## [What the task asks]
Print, exactly as they stand, the lines below from the one that has "New 2025 Jeep" to the one that has "સામાન્ય રીતે, ટ્રેનમાં", inclusive, leaving out the pictures.

## [Entries supplied]
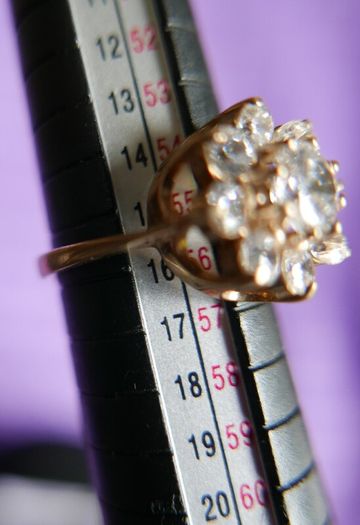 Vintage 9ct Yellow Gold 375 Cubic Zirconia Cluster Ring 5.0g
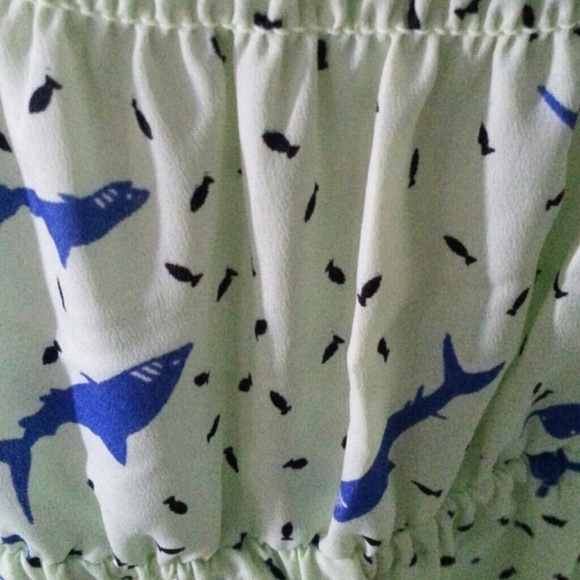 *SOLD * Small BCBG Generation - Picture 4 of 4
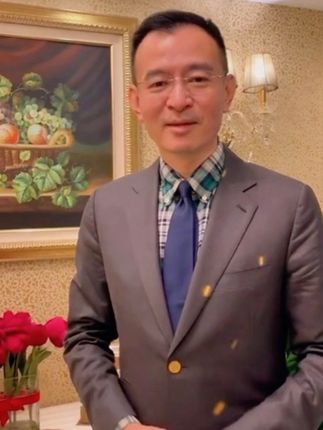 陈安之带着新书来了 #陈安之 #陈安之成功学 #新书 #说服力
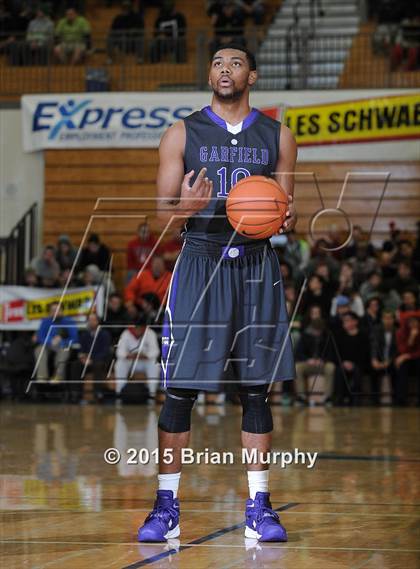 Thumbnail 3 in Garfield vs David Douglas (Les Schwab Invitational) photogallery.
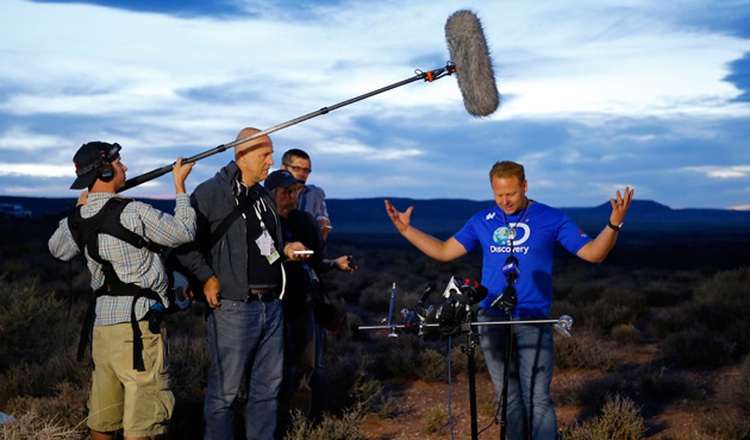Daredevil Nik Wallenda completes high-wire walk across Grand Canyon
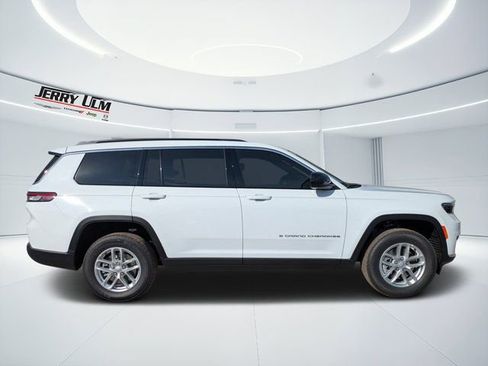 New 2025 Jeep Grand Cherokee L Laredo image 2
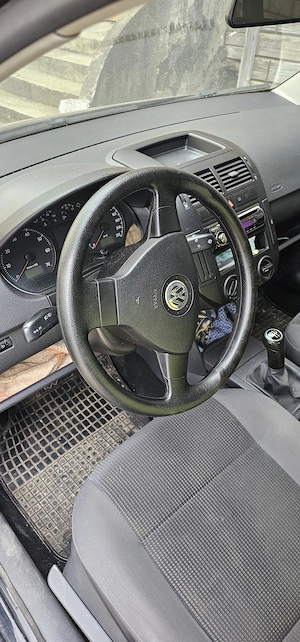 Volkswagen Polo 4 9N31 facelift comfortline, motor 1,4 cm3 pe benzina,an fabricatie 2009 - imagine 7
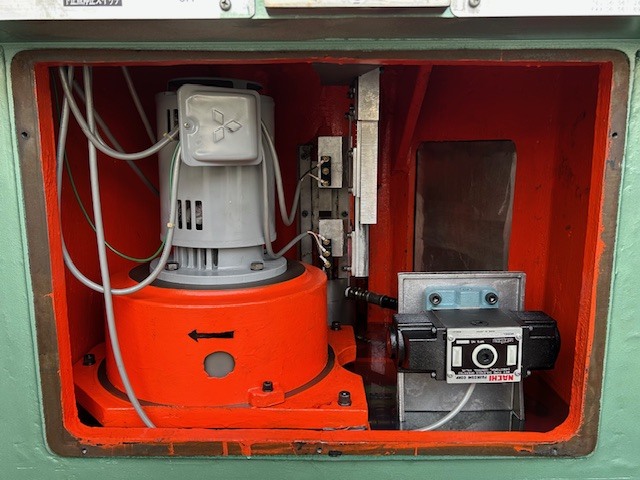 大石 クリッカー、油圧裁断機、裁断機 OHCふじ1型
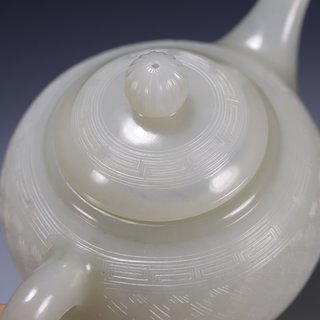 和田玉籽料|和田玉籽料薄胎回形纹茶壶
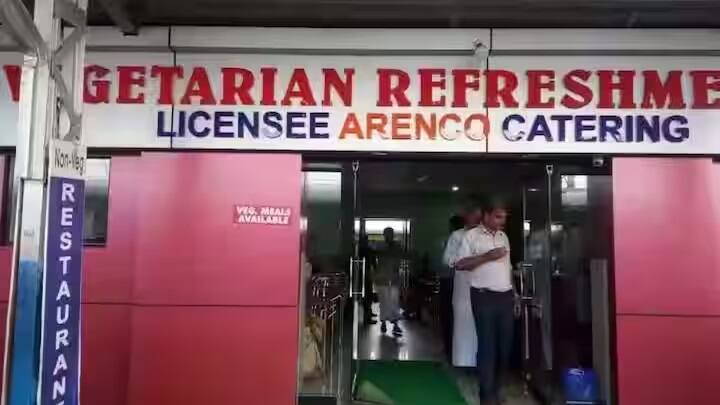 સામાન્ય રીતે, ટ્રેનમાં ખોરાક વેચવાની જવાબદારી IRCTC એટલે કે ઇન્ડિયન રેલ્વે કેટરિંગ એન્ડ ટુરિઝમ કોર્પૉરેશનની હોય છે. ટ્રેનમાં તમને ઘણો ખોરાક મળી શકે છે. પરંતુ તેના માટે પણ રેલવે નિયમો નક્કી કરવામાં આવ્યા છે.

--

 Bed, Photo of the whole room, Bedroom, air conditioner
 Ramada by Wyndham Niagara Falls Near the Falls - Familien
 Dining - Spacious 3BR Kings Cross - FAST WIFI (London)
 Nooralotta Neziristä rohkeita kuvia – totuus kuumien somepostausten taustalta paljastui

---

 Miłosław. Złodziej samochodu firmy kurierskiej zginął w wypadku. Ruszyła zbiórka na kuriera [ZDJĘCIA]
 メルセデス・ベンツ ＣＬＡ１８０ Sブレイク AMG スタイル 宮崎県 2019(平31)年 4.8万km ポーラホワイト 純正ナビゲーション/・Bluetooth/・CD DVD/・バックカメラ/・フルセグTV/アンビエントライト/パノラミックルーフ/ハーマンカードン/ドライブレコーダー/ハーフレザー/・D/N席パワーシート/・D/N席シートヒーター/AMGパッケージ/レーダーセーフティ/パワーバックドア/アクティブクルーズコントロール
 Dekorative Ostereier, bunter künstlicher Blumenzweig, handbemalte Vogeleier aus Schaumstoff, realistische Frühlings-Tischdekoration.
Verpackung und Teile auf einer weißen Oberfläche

## [Answer for the task]
 New 2025 Jeep Grand Cherokee L Laredo image 2
 Volkswagen Polo 4 9N31 facelift comfortline, motor 1,4 cm3 pe benzina,an fabricatie 2009 - imagine 7
 大石 クリッカー、油圧裁断機、裁断機 OHCふじ1型
 和田玉籽料|和田玉籽料薄胎回形纹茶壶
 સામાન્ય રીતે, ટ્રેનમાં ખોરાક વેચવાની જવાબદારી IRCTC એટલે કે ઇન્ડિયન રેલ્વે કેટરિંગ એન્ડ ટુરિઝમ કોર્પૉરેશનની હોય છે. ટ્રેનમાં તમને ઘણો ખોરાક મળી શકે છે. પરંતુ તેના માટે પણ રેલવે નિયમો નક્કી કરવામાં આવ્યા છે.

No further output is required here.